There is no latency between the assertions of the UIF and UIFCPY flags.
27.3.15 Slave mode – combined reset + trigger mode
In this case, a rising edge of the selected trigger input (TRGI) reinitializes the counter,
generates an update of the registers, and starts the counter.
This mode is used for one-pulse mode.
27.3.16 DMA burst mode
The TIMx timers have the capability to generate multiple DMA requests on a single event.
The main purpose is to be able to re-program several timer registers multiple times without
software overhead, but it can also be used to read several registers in a row, at regular
intervals.
The DMA controller destination is unique and must point to the virtual register TIMx_DMAR.
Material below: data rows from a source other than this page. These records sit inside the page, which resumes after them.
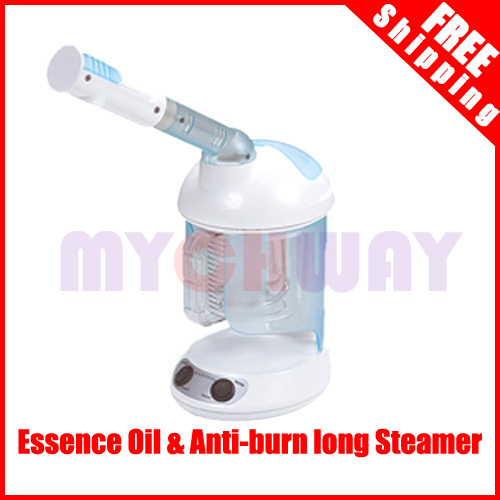 SR-2328 - Anion Mist Spray Steamer Skin Care Beauty Apparatus - mychway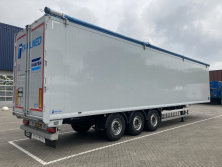 Knapen K200 - 92m3 Liftas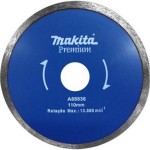 Disco Diamantado Makita Liso 110Mm Agua A-88836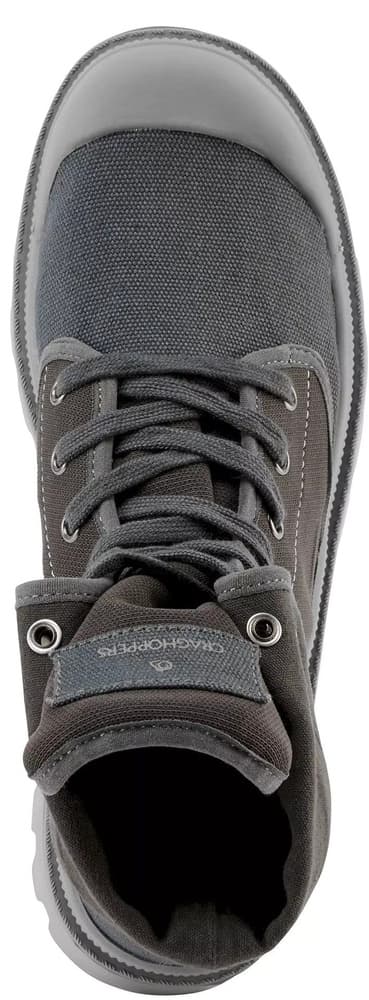 Mesa Hi Boot naisten kengät, tummanharmaa, view: 2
On a given timer event, the timer launches a sequence of DMA requests (burst). Each write
into the TIMx_DMAR register is actually redirected to one of the timer registers.
The DBL[4:0] bits in the TIMx_DCR register set the DMA burst length. The timer recognizes
a burst transfer when a read or a write access is done to the TIMx_DMAR address), i.e. the
number of transfers (either in half-words or in bytes).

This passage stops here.